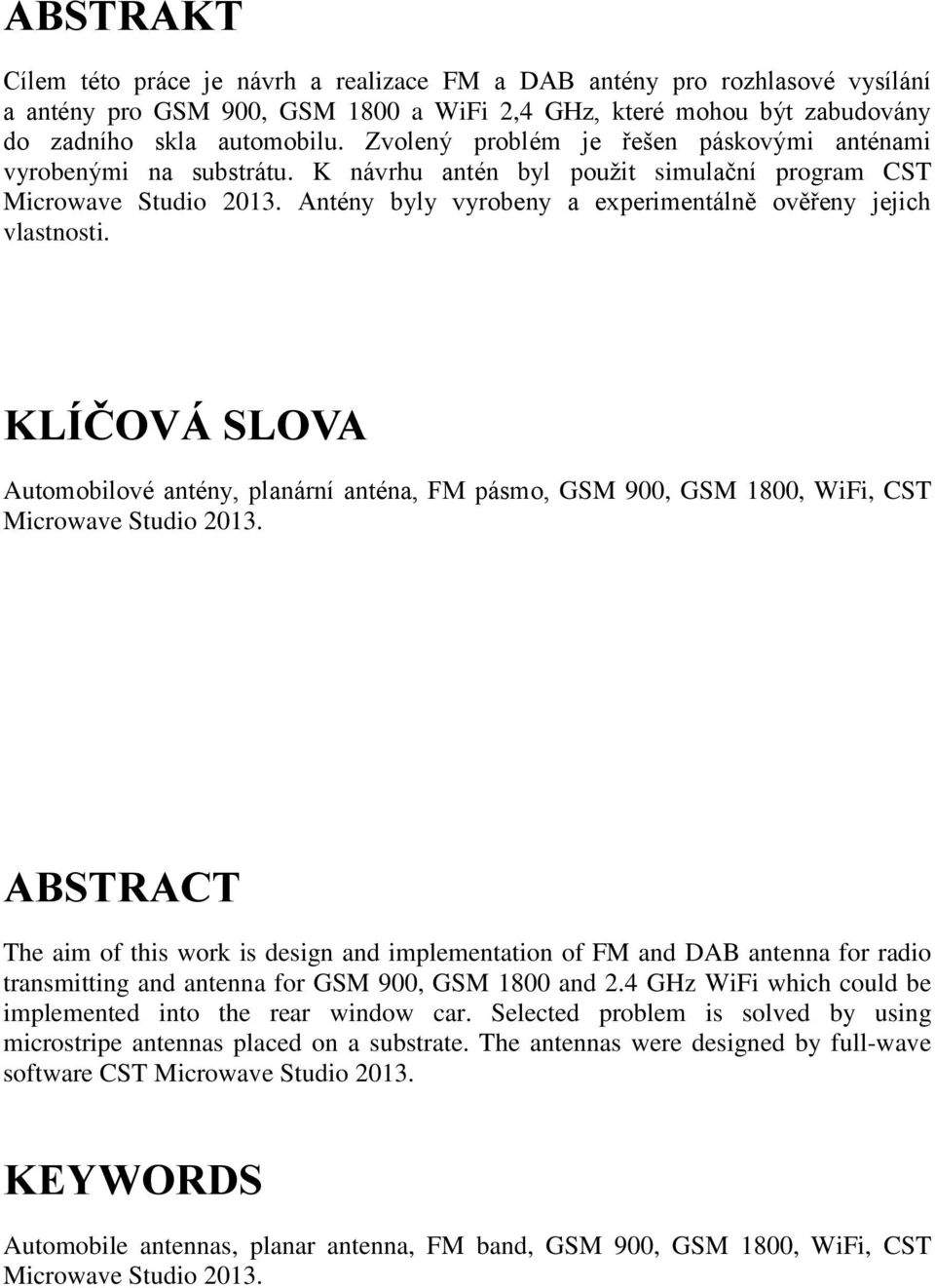 Antény byly vyrobeny a experimentálně ověřeny jejich vlastnosti. KLÍČOVÁ SLOVA Automobilové antény, planární anténa, FM pásmo, GSM 900, GSM 1800, WiFi, CST Microwave Studio 2013.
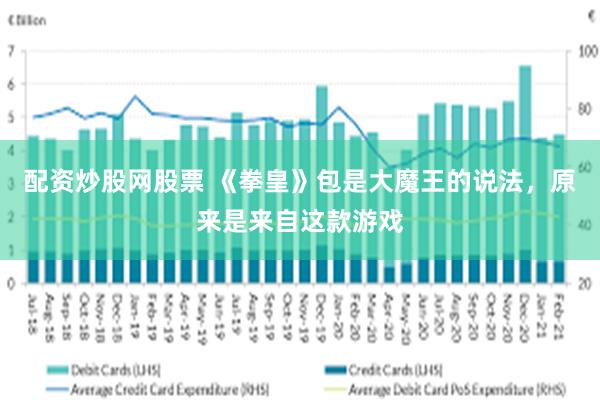 配资炒股网股票 《拳皇》包是大魔王的说法，原来是来自这款游戏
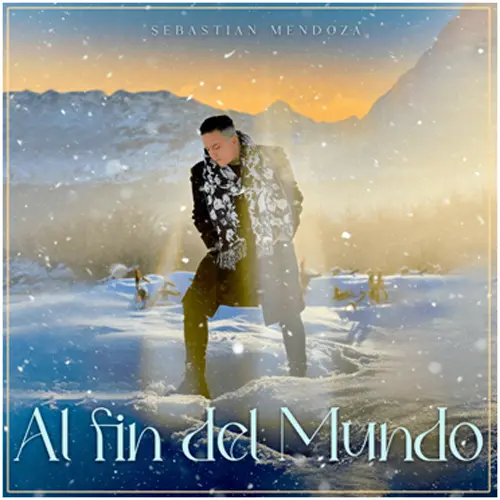 Sebasti�n Mendoza - AL FIN DEL MUNDO - SINGLE 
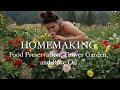 HOMEMAKING/ fall food preservation/ my flower garden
- - - - -
Pictures aside, reproduce all of the data exactly.

 Antény byly vyrobeny a experimentálně ověřeny jejich vlastnosti. KLÍČOVÁ SLOVA Automobilové antény, planární anténa, FM pásmo, GSM 900, GSM 1800, WiFi, CST Microwave Studio 2013.
 配资炒股网股票 《拳皇》包是大魔王的说法，原来是来自这款游戏
 Sebasti�n Mendoza - AL FIN DEL MUNDO - SINGLE 
 HOMEMAKING/ fall food preservation/ my flower garden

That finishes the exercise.